As the first presenter of the night, the Fifty Shades of Grey star took a moment to express gratitude for the festival and its attendees.

“I thought this was an intimate dinner,” she began jokingly. “I didn’t realize that there were going to be so many people back at Sundance — but thank god. It feels so good to be back in a room together celebrating independent cinema.”

Shining a light on Guadagnino’s work, Dakota praised one of the director’s best-loved films, Call Me by Your Name, which was released in 2017.

Call Me by Your Name follows the short-lived coming-of-age romance between Elio and Oliver, played respectively by Timothée Chalamet and Armie Hammer. It received great critical acclaim, taking home the Academy Award for Best Adapted Screenplay in 2018, as well as nominations for Best Picture and Best Actor for Chalamet.

Reflecting on its success, Johnson joked that Guadagnino tried to cast her in the part of the peach — which, if you haven’t seen the film, is a reference to a racy scene in which Chalamet’s Elio performs a sexual act on the fruit, which is later discovered by Oliver.

“It was unfortunate. Luca had asked me to play the role of the peach, but our schedules conflicted,” she said to laughs from the audience.

She added: “Thank god, though, because then I would’ve been another woman that Armie Hammer tried to eat.”

Soon after the words left her mouth, the audience was shocked into mixed reactions — some laughed, others groaned, while many sat in silence.

Dakota Johnson jokes that she wasn’t cast in #CallMeByYourName: “Luca had asked me to play the role of the peach, but our schedules conflicted. Thank God, because then I would have been another woman that Armie Hammer tried to eat.”

Twitter: @Variety

The joke comes as a reference to the disturbing sexual abuse allegations that were leveled against Hammer in January 2021 after a string of leaked Instagram messages went viral.

The DMs — which were believed, but not confirmed, to have been sent by the actor — detail graphic sexual fantasies including references to violence, rape, and cannibalism, and were apparently sent to a number of women. In one message, Hammer allegedly describes himself as “100% a cannibal.”

In March that year, the Los Angeles Police Department confirmed it was investigating allegations that Hammer “violently” raped and abused a woman in 2017.

Hammer has vehemently denied all the claims and, as it currently stands, no formal charges have been brought against him.

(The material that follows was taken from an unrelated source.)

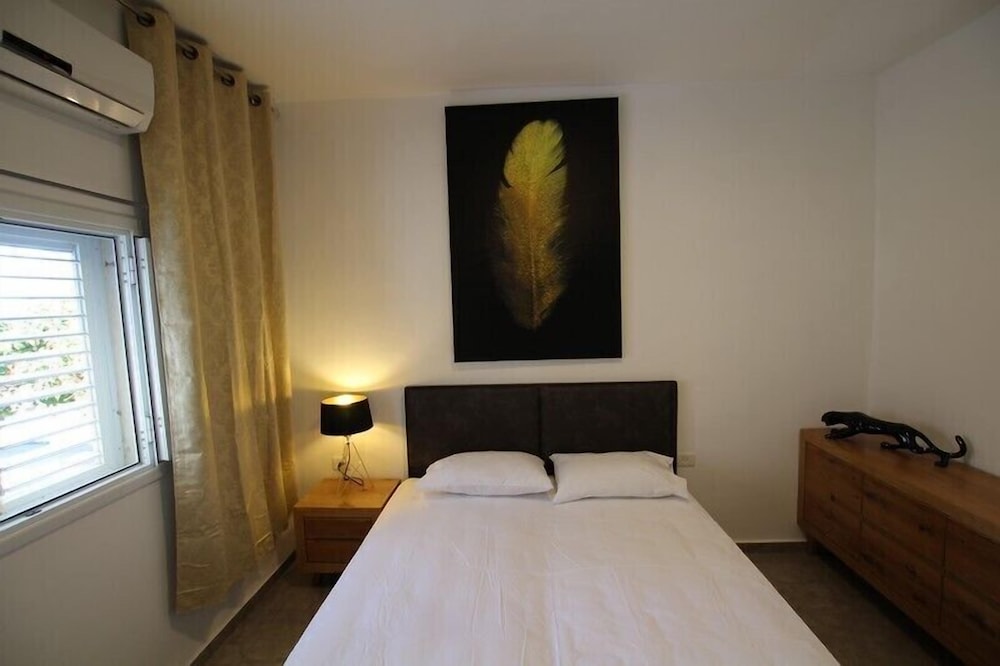 Arendalzrail Apartments Khana Szenes St. view 3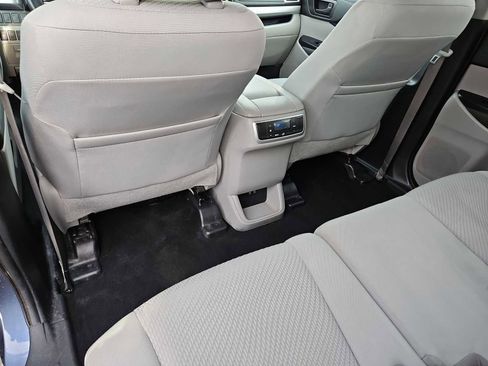 Used 2019 Toyota Highlander LE image 17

Following up her first joke, Johnson continued on the theme of allegations against Hammer with a nod to Guadagnino’s newest film, Bones and All, which also stars Chalamet and centers around a love affair between two young cannibals.

“It’s been five years since [Call Me by Your Name] premiered here and Luca hasn’t stopped taking us to exciting places. Who knew cannibalism was so popular?” she said.

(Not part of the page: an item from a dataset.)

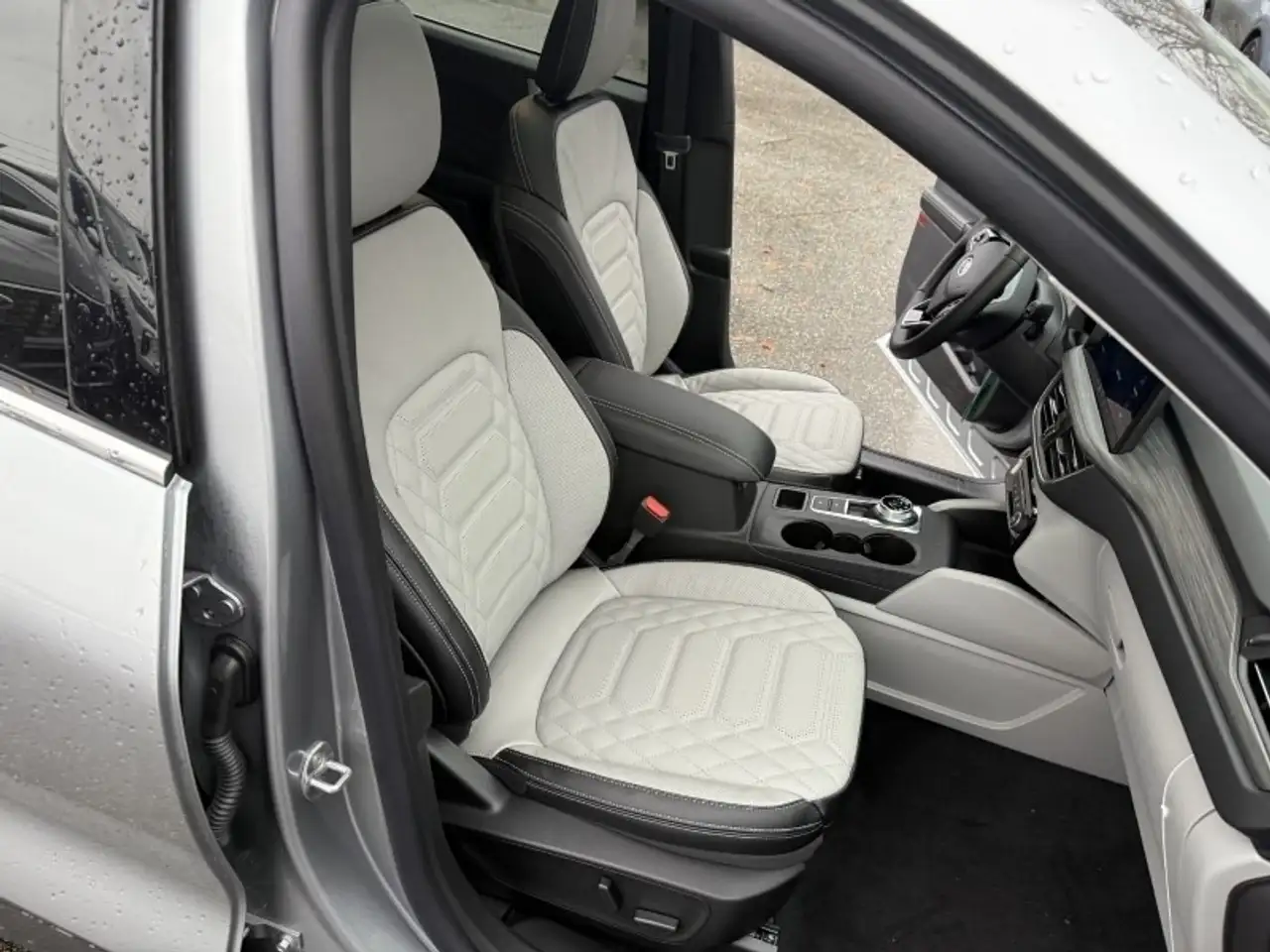 Ford Escape photo Ford Escape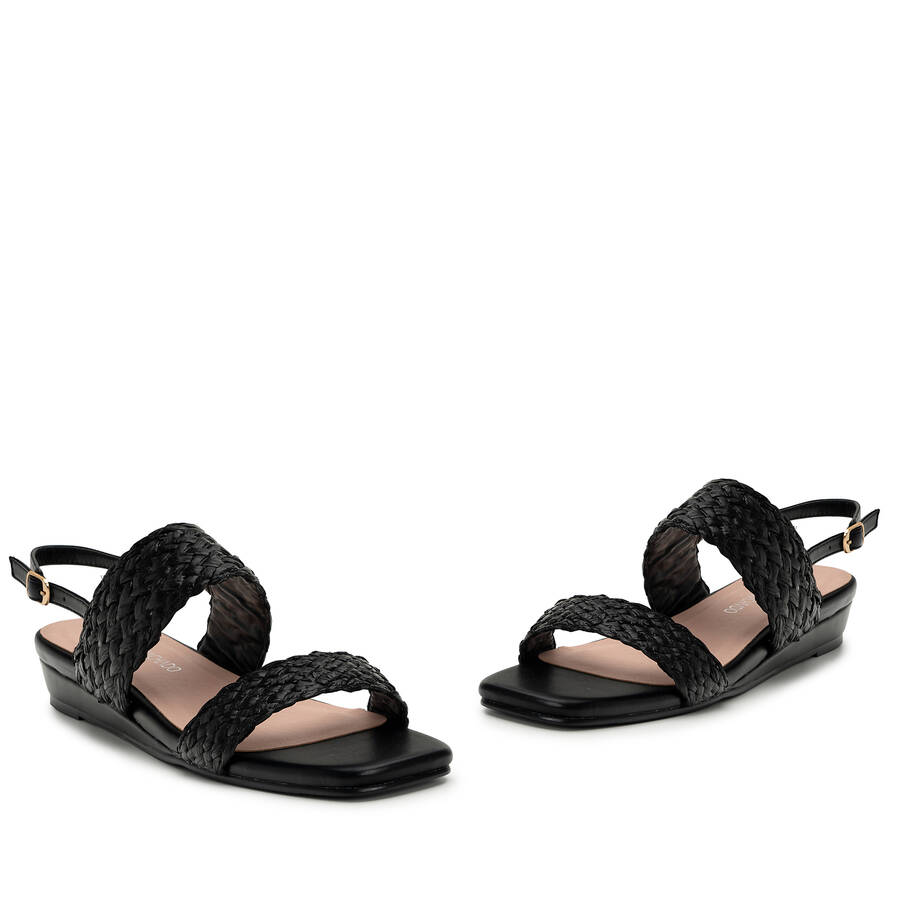 Sandalen aus schwarzem Lederimitat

Despite making light of the allegations, Johnson has previously faced backlash for speaking out in defense of Hammer, whom she worked alongside on The Social Network in 2010 and Wounds in 2019.

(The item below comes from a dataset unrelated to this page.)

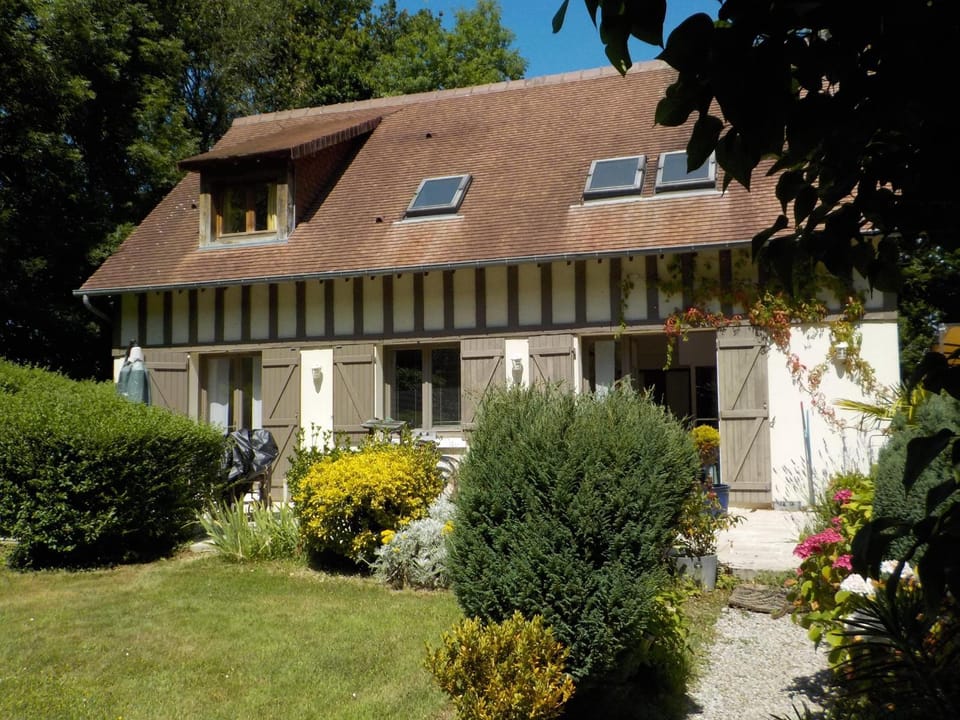 Maison spacieuse entre mer et campagne avec terrasse et jardin à Villers-sur-Mer - FR-1-712-91 House in Blonville-sur-Mer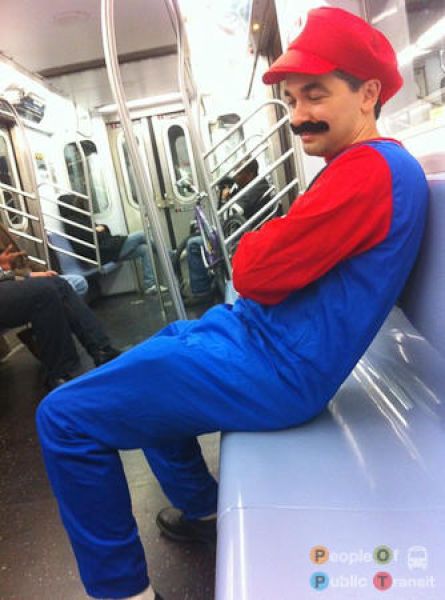 Lustige und verrückte Leute in der U-Bahn 4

Speaking to the Hollywood Reporter in November 2021, Johnson said she felt “sad for the loss of great artists” like Hammer, Johnny Depp, and Shia LaBeouf, each of whom she has collaborated with in the past and has since been faced with abuse allegations.

“I never experienced that firsthand from any of those people,” she said, referring to her former costars. “I do believe that people can change. I want to believe in the power of a human being to change and evolve and get help and help other people.”

She finished by saying that that she finds “cancel culture” to be “such a fucking downer.”

“Sometimes the old school needs to be moved out for the new school to come in,” she said of the film industry. “But, yeah, cancel culture is such a fucking downer. I hate that term.”